Uno scontro ineluttabile?
Il clima politico si sta facendo così sempre più teso. Mondlane ha annunciato che non farà passi indietro e rivendica il suo diritto a essere proclamato presidente della Repubblica. Il 21 ottobre ha indetto un primo sciopero generale per protestare contro quelli che considera brogli inaccettabili. La sua base di supporto, mobilitata principalmente sui social media, ha lanciato un appello per la cacciata del Frelimo, rivendicando una “dignità collettiva” che, secondo loro, è stata persa sotto il governo del partito di Chapo.
In risposta alla crescente tensione, figure come Manuel de Araújo, sindaco di Quelimane, e leader della Renamo, sono in Europa per cercare di raccogliere prove concrete sui brogli e sensibilizzare l’opinione internazionale. Altri hanno avviato petizioni per chiedere l’annullamento delle elezioni e la convocazione di nuove consultazioni, mentre intellettuali come il filosofo Severino Ngoenha invocano un appello alla calma e all’unità nazionale.

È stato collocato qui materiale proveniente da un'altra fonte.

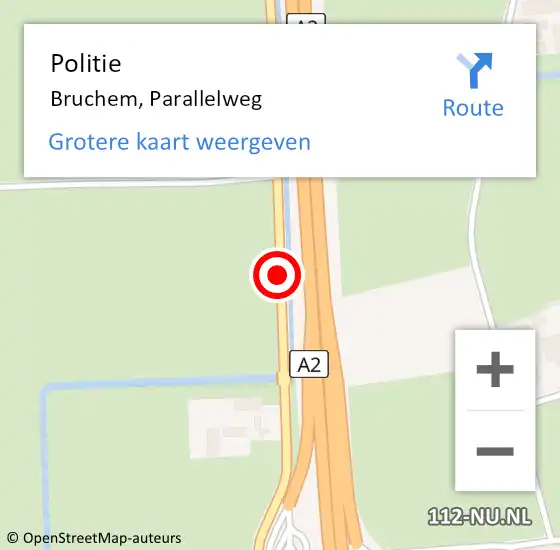 Locatie op kaart van de 112 melding: Politie Bruchem, Parallelweg op 21 december 2015 08:14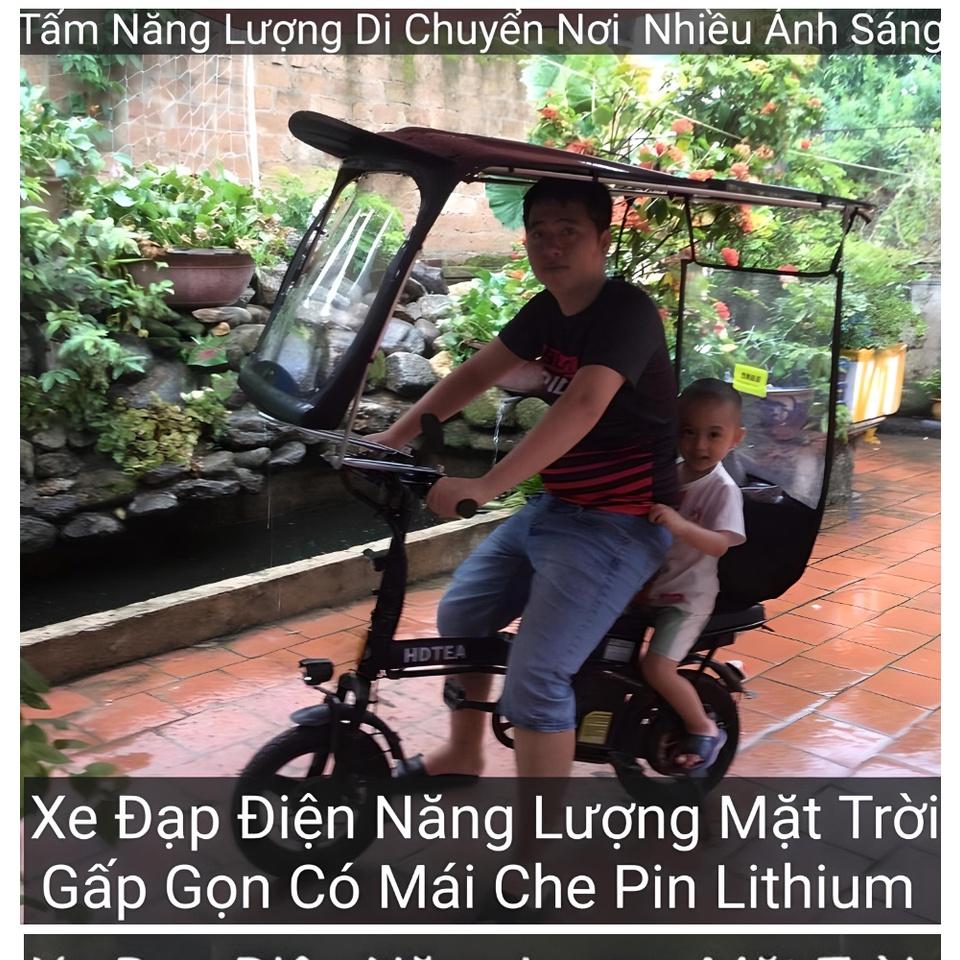 Xe đạp điện Năng Lượng Mặt Trời gấp gọn người lớn chính hãng có Mái che mưa với tấm pin để tại nhà di chuyển linh động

Un paese sull’orlo del precipizio
Il Mozambico si trova quindi sull’orlo di una crisi senza precedenti, con pochi soggetti in grado di mediare tra le due parti in conflitto. La situazione – come hanno fatto notare vari osservatori – potrebbe evolversi verso uno scenario simile a quello della Venezuela, con la popolazione divisa e le richieste individuali che prevalgono su quelle collettive, o, per restare in Africa, come in Etiopia dove le varie etnie continuano a restare violentemente contrapposte lacerando il paese. Tuttavia, un numero crescente di cittadini sembra aver abbandonato le cautele di un tempo e i legami con la vecchia guardia rivoluzionaria, seguendo, soprattutto tra i giovani, il movimento di Mondlane.
Il ruolo dell’Italia per una mediazione
Il governo del Mozambico e la comunità internazionale si trovano ora di fronte a una scelta cruciale: intervenire per evitare il peggio, o lasciar precipitare il paese in un conflitto che potrebbe segnare un punto di non ritorno per il futuro della nazione. Ed è qui che l’Italia, 32 anni dopo gli Accordi di Pace di Roma, sottoscritti grazie al fondatore di Sant’Egidio Andrea Riccardi e l’attuale cardinale Matteo Maria Zuppi, potrebbe tornare di nuovo in campo. Il Governo di Roma ha la credibilità politica, il consenso internazionale e la forza economica per mettere le parti avverse intorno ad un tavolo e negoziare una soluzione che porti via il Paese da una nuova guerra civile. Intorno ai giacimenti di gas del Mozambico si gioca di fatto il destino di un intero popolo e il futuro di tutta l’area. E questa partita ce l’hanno in mano Eni, Saipem, come anche Total ed Exxon. Ma Francia e Usa non sembrano oggi in grado di avere peso e modi d’intervenire in questa area geografica. Ecco perché il dossier Mozambico pare destinato ad arrivare sulla scrivania di Giorgia Meloni, la cui politica estera, è bene ricordarlo, ha per cuore quel Piano Mattei per l’Africa che vede proprio il Mozambico come uno dei principali centri d’interesse.